YOUR TASK: Leave the pictures aside and give back every entry below word for word.

[Opening RECORDS SHOWN section]

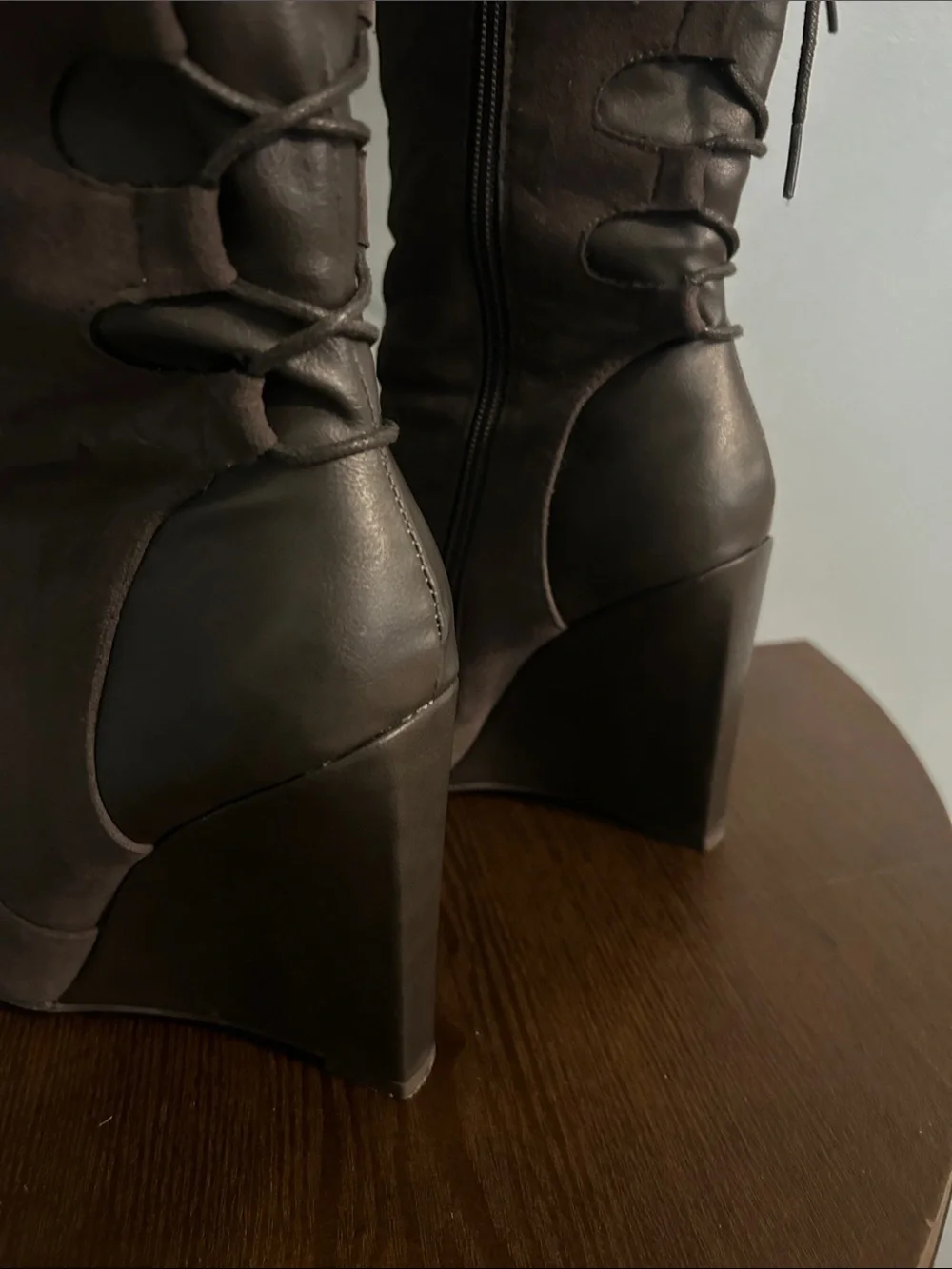 Women's Dark Grey Suede Over-the-Knee Wedge Boots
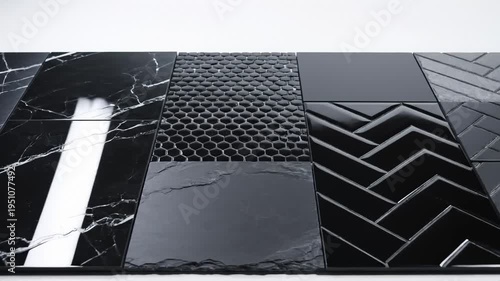 Collection of Black Tiles With Various Textures and Patterns, Close-Up Studio Shot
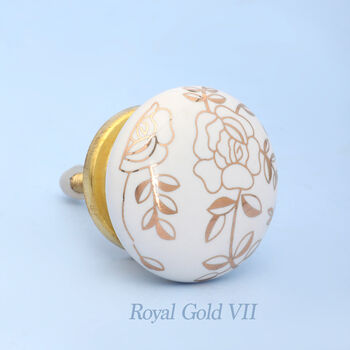 Royal Gold Ceramic Door Knobs Cupboard Door Handles, 9 of 10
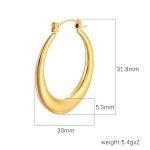 color: Stamped Round Large Earrings Gold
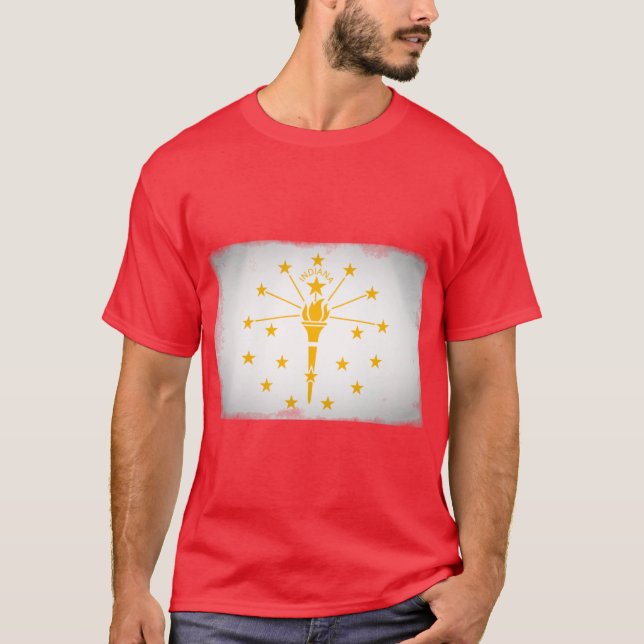 Indiana Flag of State T-Shirt (Front)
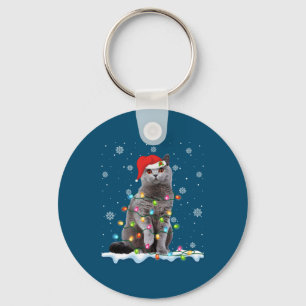 Christmas Santa Cat British Shorthair Cat Lover Keychain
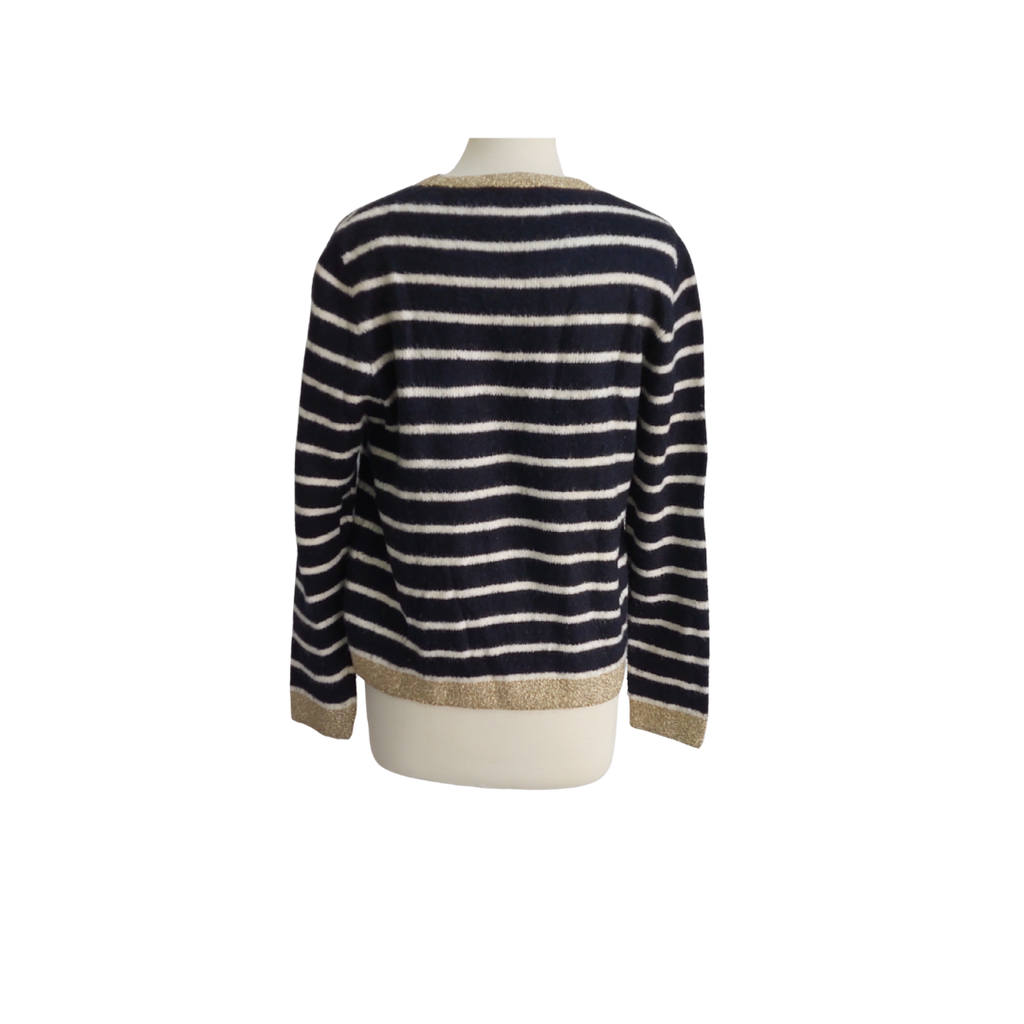 Marks & Spencer Navy & Cream Striped Sweater | Pre Loved |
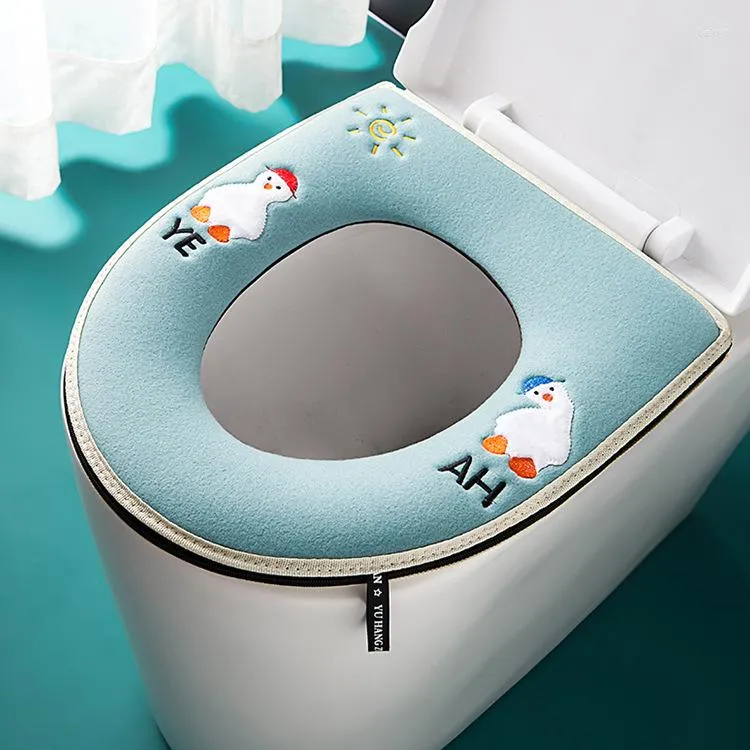 Toilet Seat Covers Winter Warm Washable Cover Mat Bathroom Cartoon Pad Cushion With Handle Thicker Closestool Warmer Accessories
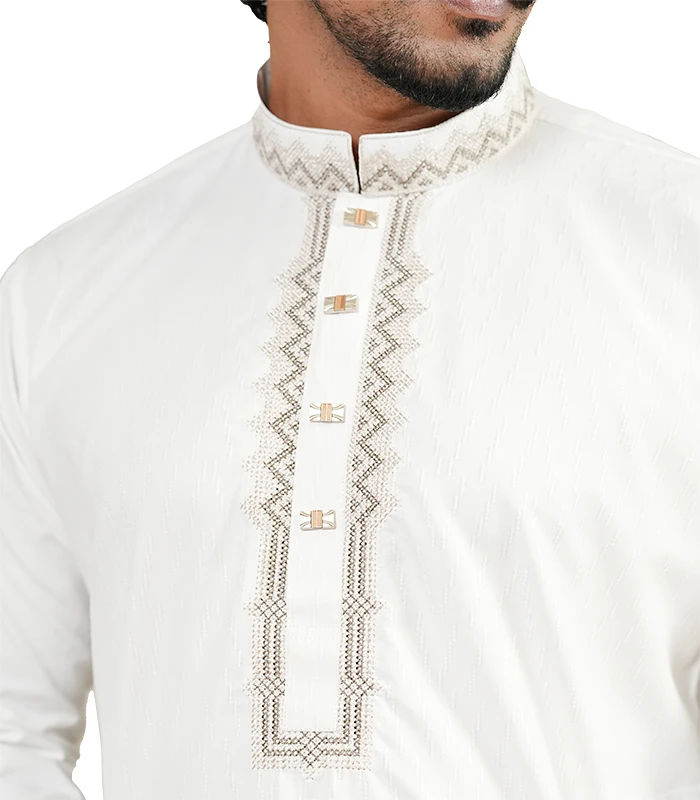 Indian Luxury Panjabi-White-Details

[Closing RECORDS SHOWN section]

ANSWER AREA:
 Women's Dark Grey Suede Over-the-Knee Wedge Boots
 Collection of Black Tiles With Various Textures and Patterns, Close-Up Studio Shot
 Royal Gold Ceramic Door Knobs Cupboard Door Handles, 9 of 10
 color: Stamped Round Large Earrings Gold
 Indiana Flag of State T-Shirt (Front)
 Christmas Santa Cat British Shorthair Cat Lover Keychain
 Marks & Spencer Navy & Cream Striped Sweater | Pre Loved |
 Toilet Seat Covers Winter Warm Washable Cover Mat Bathroom Cartoon Pad Cushion With Handle Thicker Closestool Warmer Accessories
 Indian Luxury Panjabi-White-Details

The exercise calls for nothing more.